Вообще, конечно, хип-хоп и эта тема – это какая-то фантасмагория, но с другой стороны, именно поэтому, может быть, подумал я, когда начал писать, это сработает. Ну, как, на самом деле, в конце 1960-х Мэл Брукс сделал в Америке свой фильм "Продюсеры" о том, как два еврейских ловкача-продюсера пытаются поставить на Бродвее пьесу "Весна Гитлера" о том, каким классным парнем был Гитлер, и как у них всё это не получается и разваливается – очень смешно, отличная комедия, на мой взгляд. И для многих тогда это был катализатор, повод взглянуть на историю Второй мировой войны немного по-другому. Точно так же моя попытка перенести этот разговор немного в другую плоскость – именно поэтому в своё время я решил в пользу хип-хопа как языка.
– Какой сюжет в истории украинского национализма был самым сложным для тебя при создании этого произведения?

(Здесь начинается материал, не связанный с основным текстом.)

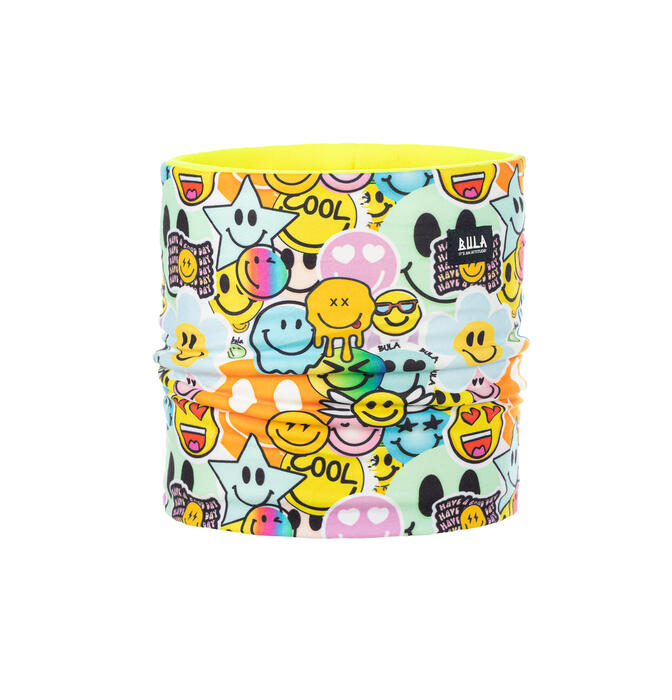 Bula Kids Therma-Fleece Neck Gaiter - Smiley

Из того, что происходило с украинскими националистами в 1930–50-х годах, сейчас сделана масса пропагандистских ремиксов
– Я еврей, поэтому для меня так называемый еврейский вопрос в этой истории всей был очень чувствительным, мне было очень интересно понять, что же там на самом деле происходило… У меня такое ощущение в одной из песен, или даже в нескольких об этом говорю, происходит – учитывая то, что я из музыкального мира происхожу, – у меня музыкальные метафоры. Последние двадцать-тридцать лет технологии музыкальные развились настолько, что очень широко используется техника ремикса. То есть берутся фрагменты музыкальных произведений любого времени, то есть это может быть что-то написанное 50–60 лет назад, пилится на кусочки, потом эти кусочки складываются в другом порядке, под них подкладывается новый модный звук, и всё это звучит совершенно иначе, из одной песни можно сделать другую. Вот у меня ощущение, что из того, что происходило с украинскими националистами в 1930–50-х годах, сейчас сделана масса исторических пропагандистских ремиксов. То есть события, которые происходили тогда, пересказываются, но пересказываются совершенно по-другому, для того чтобы представить, что думали в ином свете, чтобы использовать для одной или другой пропаганды. И когда начинаешь копать, когда начинаешь перелопачивать какое-то количество текстов и даже видеоматериалов, пытаешься понять, что было в основе, на это уходит масса душевных сил и времени. Вот, собственно, было много противоречивой информации на тему того, как украинские националисты относились к еврейскому населению, что там происходило. Для меня важно было докопаться и потом, докопавшись, изложить материалы своих раскопок.